Pourquoi le prix de l'essence augmente toujours plus à Montréal que partout ailleurs au Québec et même au Canada? Cette question était sur toutes les lèvres hier et même les journaux de Toronto s'interrogeaient sur la curieuse malédiction qui frappe les automobilistes montréalais.

Le temps d'un claquement de doigts, le prix du litre d'essence régulière a fait un bond de 13 cents dans la plupart des stations-service de la grande région de Montréal pour se fixer à 1,53$ hier matin.

Mine de rien, les pétrolières ont ainsi fracassé la marque record de 1,51$ le litre qui avait été enregistrée en juillet 2008 lorsque le baril de pétrole s'échangeait à son prix historique de 140$. Précisons que le baril de Brent s'échangeait hier à 115$ et le West Texas Intermediate tout juste sous les 97$, bien loin du niveau record de 2008.

Durant la matinée, les pétrolières se sont comme rendu compte qu'elles avaient poussé le bouchon un peu trop loin et elles ont subtilement battu en retraite en ramenant le prix du litre de régulier tout juste sous les 1,50$, à très exactement 1,49,9$...

Si le mouvement de hausse des prix de l'essence a touché l'ensemble des régions du Canada, c'est encore à Montréal que l'on a enregistré les plus fortes augmentations et c'est toujours à Montréal que l'on affiche les prix les plus élevés au pays.

À Toronto, les automobilistes étaient choqués de devoir absorber une hausse de 4 cents le litre qui se vendait tout de même à seulement 1,37$, soit le même prix observé hier à Trois-Rivières, un véritable prix d'aubaine comparé à celui de Montréal.

Avant d'essayer de comprendre pourquoi c'est toujours plus cher à Montréal, il faut d'abord revenir sur les raisons fondamentales qui ont commandé le mouvement de hausse d'hier. Et déjà là, ce n'est pas très clair.

Aucune pénurie ne se profile à l'horizon, la menace d'un blocus iranien du détroit d'Ormuz n'est pas plus élevée qu'elle ne l'était en janvier dernier et à l'inverse d'une pénurie, les réserves américaines de pétrole sont même actuellement à un niveau anormalement élevé.

La consommation de pétrole aux États-Unis a chuté de 2,6% durant les 4 semaines qui se sont terminées le 7 septembre, ce qui marque la plus forte baisse de consommation depuis septembre 2008 lorsque la violente récession commençait à frapper durement.

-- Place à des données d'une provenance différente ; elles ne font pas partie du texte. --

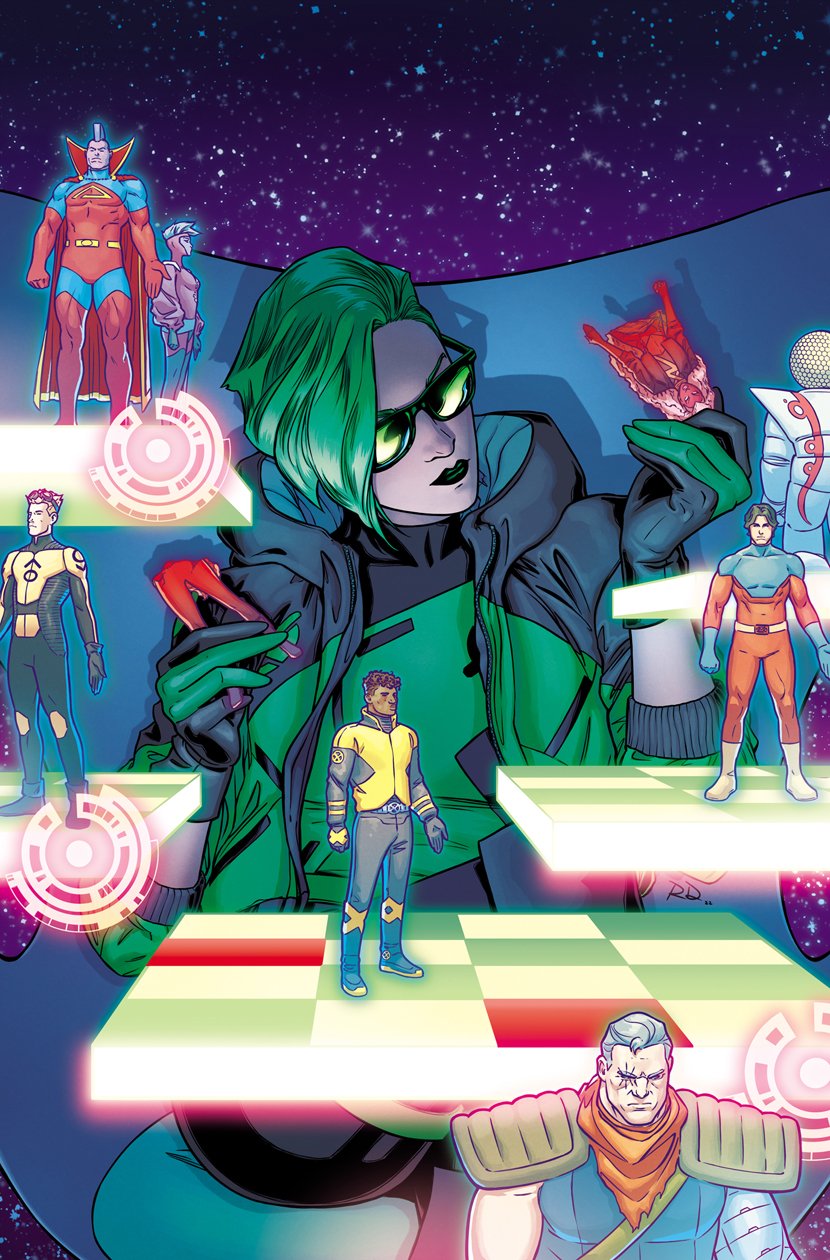 matt wilson, russell dauterman, cable (marvel), polaris (x-men), storm (x-men), marvel, x-men, character request, comic cover, commentary, english commentary, highres, official art, 3girls, 6+boys, black dress, black gloves, black jacket, bodysuit, cannonball (x-men), character doll, chessboard, dark-skinned female, dark-skinned male, dark skin, doll, dress, gloves, green dress, green gloves, green hair, green jacket, green lips, jacket, looking to the side, lorna dane, multicolored bodysuit, multicolored dress, multicolored gloves, multicolored jacket, multiple boys, multiple girls, muscular, muscular male, official alternate costume, official alternate hair length, official alternate hairstyle, red bodysuit, sitting, sunglasses, superhero costume, two-tone dress, two-tone gloves, two-tone jacket, western comics (style), white hair, x-uniform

Il faut donc aller du côté des activités de raffinage pour essayer de comprendre la cherté soudaine du précieux carburant.

Mais là encore, mystère. Malgré le fait que l'on déplore sans cesse l'insuffisance des capacités de raffinage en Amérique du Nord, les raffineries américaines fonctionnent présentement à seulement 84,7% de leur capacité de production, c'est le taux d'utilisation le plus bas depuis le mois d'avril dernier.

La situation canadienne ne démontre aucune surchauffe du côté des activités de raffinage, mais c'est là que les prix ont, semble-t-il, augmenté de façon subite. C'est du moins l'explication du moins qu'avançait hier l'Institut canadien des produits pétroliers.

Cela étant dit, si les automobilistes montréalais sont toujours surtaxés lorsqu'ils doivent faire le plein d'essence - par rapport aux automobilistes des autres régions du Canada et de presque partout au Québec - c'est justement parce qu'ils sont davantage taxés qu'ils ne l'étaient il y a trois ans.

Tous les automobilistes canadiens paient la taxe d'accise fédérale de 10 cents le litre. Au Québec, on paie aussi la taxe sur les carburants du Québec dont le ministre des Finances Raymond Bachand s'est servi depuis trois ans dans sa quête de retour à l'équilibre budgétaire.

La taxe sur les carburants du Québec a été haussée de 1 cent le litre chaque année, au cours des trois dernières années. De 15,2 cents le litre, elle est passée à 18,2 cents le litre.

Les automobilistes de la région de Montréal ont aussi droit à une taxe bonus pour financer les activités de transports en commun que coordonne l'Agence métropolitaine de transport (AMT). Cette taxe de 1,5 cent a été doublée l'an dernier à 3 cents le litre. On part donc avec une prise de plus par rapport aux autres Québécois.

Et évidemment, toutes ces taxes additionnées - soit 31,2 cents le litre - sont soumises à la TPS et à TVQ, à un taux combiné de 14,975%, ce qui donne 35,87 cents le litre.

Les Québécois sont les contribuables les plus taxés au Canada. Ils sont aussi ceux qui se font le plus pomper par les pétrolières.